Head football coach Marcus Borden watches his East Brunswick High School team work out in October 2005.
Photo by AP/Wide World Photos
April 24, 2008
Jewish observers were divided over a federal appeals court ruling barring a football coach in East Brunswick from leading his team in prayer.
The court ruled April 15 that Marcus Borden did not have a constitutional right to pray with team members and cheerleaders at East Brunswick High School.
The Anti-Defamation League welcomed the decision by the Third Circuit United States Court of Appeals.
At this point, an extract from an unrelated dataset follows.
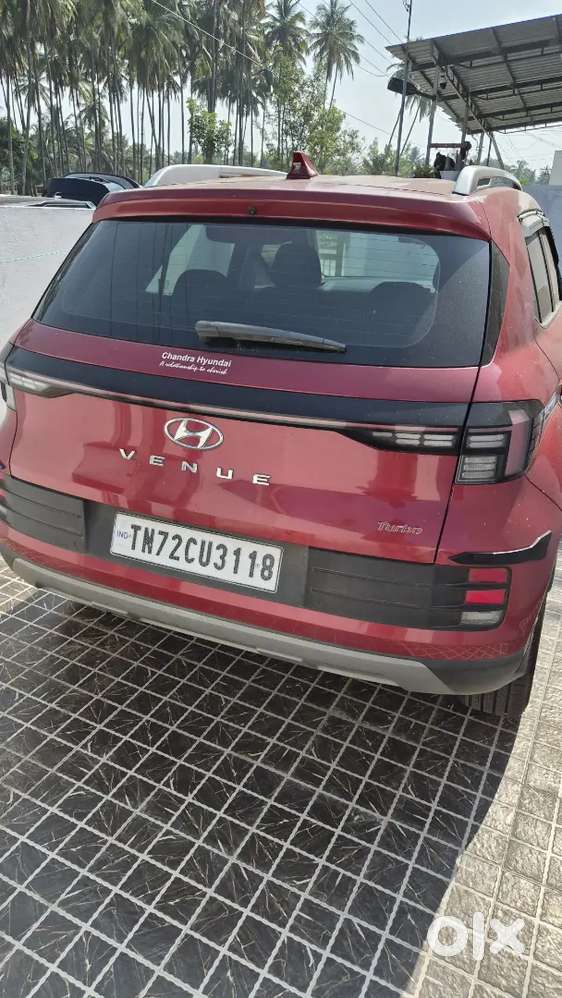 Hyundai Venue 2023 Petrol Well Maintained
“Public school teachers and coaches wield enormous influence over their students,” said Etzion Neuer, its New Jersey regional director. “Common sense and the constitution dictate that they may not use that authority, given to them by the government, to create an environment where children of differing faiths, or of no faith, are made to feel unwelcome in their school.”
But an attorney who fought against Marcus Borden’s participation in student prayer said the decision “is going to create much mischief and is very problematic.”
Marc Stern, of the American Jewish Congress, said he was troubled by a “very narrow reading” of legal precedents.
According to Stern, the ruling suggests that a coach without Borden’s long history of leading or encouraging students to pray would be allowed to join them, “and that’s a big problem.”
“The judges were obviously bending over backwards to create teachers’ rights to engage in religion with their students, but there is no such right,” Stern said. “No court has recognized a free speech right or an academic freedom right to engage in religious activity with one’s students. This court does that. It is problematic.”
The ruling reverses a trial court’s verdict. The appellate judges said “a reasonable observer would conclude that Borden was endorsing religion” during the 23 years he “organized, participated in, and even led prayer activities with his team.”
During that time, the judges noted, Borden “organized prayers for the pre-meal grace at the team dinner, selected seniors to say a prayer composed by a chaplain, and led prayers himself in the locker room.”
The ruling notes that the “current controversy is built upon a significant history of pre-game prayers that involved Borden.”
Robert Riccio, the Seton Hall Law School professor who is representing Borden, acknowledged Stern’s concern that the ruling can be narrowly interpreted.
“I’d say Borden is penalized because he has a history of engaging in prayer with his players,” he told NJ Jewish News. “Someone coming in without that history can do the very same thing Borden cannot do. So, the reality is Borden has opened up the doors for a lot of other coaches to be respectful of student prayer, even though he cannot do what they can do.”
Riccio said he intends to ask the United States Supreme Court to reverse the Court of Appeals decision because “it is very confusing and really cries out for the Supreme Court to step in and clear up the air once and for all.”
Stern said “it is hard to know” whether the Supreme Court will agree to review the case.
“Does Borden have any free speech rights because he is acting as a public official? The court has generally said those people don’t have rights” when they speak out in the course of their official duties.
In Stern’s mind, the key issue in the case has already been settled.
“There have been enough cases over the years where teachers have sought to pray with their students that the court has turned down, so you have to think the court is not particularly interested in opening that can of worms,” he said.
The Borden case began in 2005, when several sets of parents, some of them Jewish, complained to school superintendent Jo Ann Magistro about the prayers. Magistro ordered the coach to stop participating in the prayer sessions, so he filed a lawsuit.
In July 2006, United States District Court Judge Dennis Cavanaugh ruled that the school board had indeed violated Borden’s constitutional right of free expression.
As it voted to reverse Cavanaugh, the appellate court cited several examples of anti-Semitic entries on a student-run blog created after the coach filed his lawsuit, calling them “disgusting comments.”
“The fact that the prayer generated this anti-Semitic response is at least some evidence that this prayer was offensive, dividing people along religious lines,” said Stern.
But he said the ethnic slurs were “not overwhelmingly great proof, because we don’t know who sent” them.
Borden, who continues coaching and teaching Spanish at East Brunswick High School, “had a mixed reaction” to the court’s decision, said his attorney.
“His principle was vindicated, but he is disappointed that he was disqualified, at least temporarily, from that which others can now do because of his lawsuit,” said Riccio.